BEGIN
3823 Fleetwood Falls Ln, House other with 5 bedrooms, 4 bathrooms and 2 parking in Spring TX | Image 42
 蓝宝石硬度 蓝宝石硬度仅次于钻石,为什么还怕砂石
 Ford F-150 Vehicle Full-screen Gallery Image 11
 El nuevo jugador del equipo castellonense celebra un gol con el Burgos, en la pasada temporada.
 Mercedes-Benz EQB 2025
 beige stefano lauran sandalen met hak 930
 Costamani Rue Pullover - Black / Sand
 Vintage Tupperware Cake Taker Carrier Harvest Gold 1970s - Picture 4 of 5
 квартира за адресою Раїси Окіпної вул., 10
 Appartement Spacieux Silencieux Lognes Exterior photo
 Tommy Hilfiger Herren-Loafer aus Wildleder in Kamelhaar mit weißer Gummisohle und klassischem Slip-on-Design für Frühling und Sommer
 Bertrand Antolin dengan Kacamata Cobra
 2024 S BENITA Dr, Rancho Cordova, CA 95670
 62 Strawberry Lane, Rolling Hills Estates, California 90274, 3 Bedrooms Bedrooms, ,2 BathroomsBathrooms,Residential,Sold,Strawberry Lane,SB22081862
END
Action item
Nothing in the listing may be left out; repeat it all exactly.

Task result
3823 Fleetwood Falls Ln, House other with 5 bedrooms, 4 bathrooms and 2 parking in Spring TX | Image 42
 蓝宝石硬度 蓝宝石硬度仅次于钻石,为什么还怕砂石
 Ford F-150 Vehicle Full-screen Gallery Image 11
 El nuevo jugador del equipo castellonense celebra un gol con el Burgos, en la pasada temporada.
 Mercedes-Benz EQB 2025
 beige stefano lauran sandalen met hak 930
 Costamani Rue Pullover - Black / Sand
 Vintage Tupperware Cake Taker Carrier Harvest Gold 1970s - Picture 4 of 5
 квартира за адресою Раїси Окіпної вул., 10
 Appartement Spacieux Silencieux Lognes Exterior photo
 Tommy Hilfiger Herren-Loafer aus Wildleder in Kamelhaar mit weißer Gummisohle und klassischem Slip-on-Design für Frühling und Sommer
 Bertrand Antolin dengan Kacamata Cobra
 2024 S BENITA Dr, Rancho Cordova, CA 95670
 62 Strawberry Lane, Rolling Hills Estates, California 90274, 3 Bedrooms Bedrooms, ,2 BathroomsBathrooms,Residential,Sold,Strawberry Lane,SB22081862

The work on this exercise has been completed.